BASİT FAKAT DERİN GERÇEKLER


Facebookta Paylaş
Tweetle

 

 

İnsanlar bazen basit bir gerçekliği belirleyebilmek için asırlarca beklemek zorunda kalmıştır. Örneğin Aristo özdeşlik mantığını dile getirinceye kadar, insanlar pratikte bu mantığın icabına uyuyor bile olsa, bir şeyin kendisine özdeş olduğu, yani bir şey ne ise o olduğu kabilinden bir gerçekliğin farkında değildi. Bu gerçeklik bir kez dile getirilince insanın önüne yepyeni ufuklar açıldı. Fakat aynı zamanda diyalektik düşünmenin önü de bir ölçüde tıkanmış oldu. Ta ki Kant, adını vermeden o mantık tarzını yeniden yürürlüğe koyuncaya kadar... İslam dünyasında ise, diyalektik düşünce kendiliğinden yürürlükteydi. Ta ki, İmam Gazali, Aristo mantığını İslam dünyasına tanıtıncaya kadar... Müslümanlar bu mantığı tanıdıktan sonra kendi asal düşünme biçimini ihmal etti, bu da İslam dünyasında bir bakıma yeni düşüncelere yelken açmanın sonunu getirdi.

İslam ile demokrasinin birbirine temas noktası olmadığını belirtmek aslında böylesine basit bir gerçekliği ifade etmekten ibarettir. Ancak bu ülke ‘aydınları’nın kafası Batı kültürünün değer yargılarıyla ve kavramlarıyla öylesine meşbu bir hale gelmiş bulunuyor ki, iki farklı kültürün kurumlarının iki farklı alana ait olabileceğini işitmek onları rahatsız edebiliyor. Birini benimsemenin diğerini reddetmeye müncer olacağına ilişkin bir zehap baskın geliyor. İslam ile demokrasinin birbiriyle temas noktası yoktur dediğimizde, bizim nesnel bir gerçekliği dile getirmekten çok, İslam’ı aşağılayan bir nitelemede bulunduğumuz sanılıyor. Demokrasiyi asıl kabul ettiklerinden buna karşı koyma sadedinde İslam’ın demokrasiyi öngördüğü ileri sürülüyor. Aslında bu durum, vaktiyle İslam’ı sosyalizm ile veya liberalizm ile veya İslam dışı herhangi bir izm ile buluşturmak isteyenlerin görüşünden ve onların yolunu izlemekten farklı bir nitelik taşımıyor.

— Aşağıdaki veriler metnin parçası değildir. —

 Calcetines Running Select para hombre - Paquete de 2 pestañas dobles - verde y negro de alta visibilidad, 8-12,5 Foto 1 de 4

İslam demokrasi ile telif edilemez dediğimizde bazıları bu cümleyi İslam açısından aşağılayıcı niteleme gibi algılıyor. Oysa burada İslam’ı tenzih sadedinde güçlü bir iradenin varlığını görmek gerekiyor.

Şunu bir kez daha belirtelim: Biz, İslam’la demokrasi arasında bir temas noktası yoktur derken, içinde yaşadığımız ülkenin demokrasiye olan nispetini de göz ardı etmiyoruz. Türkiye’nin demokrasi sürecini bir an önce ikmal etmesi gerektiğini düşünüyoruz. Bu kanaat, bizim İslam’ı reddettiğimiz veya demokrasiye baş eğdiğimiz anlamına çekilmemeli; iki farklı alanın sözünü ediyoruz. Bu itibarla soruyu doğru koymak lazım, soru şudur: Türkiye demokrasinin neresinde; demokrasi İslam’ın neresinde? İki farklı soru var karşımızda. Ve bu iki farklı sorunun iki de farklı cevabı var. Hiçbirinin cevabı diğeri ile temas halinde değil. Türkiye’nin demokrasi sürecini tamamlamasını temenni etmek, bir şey; demokrasinin İslam’la irtibatı olmadığını söylemek başka bir şeydir. Keza demokrasinin İslam’a nispeti olmadığını söylemek bir şey, Türkiye’nin demokrasi yolunda kat etmesi gereken mesafeyi bir an önce bitirmesi gerektiğini söylemek gene başka bir şeydir.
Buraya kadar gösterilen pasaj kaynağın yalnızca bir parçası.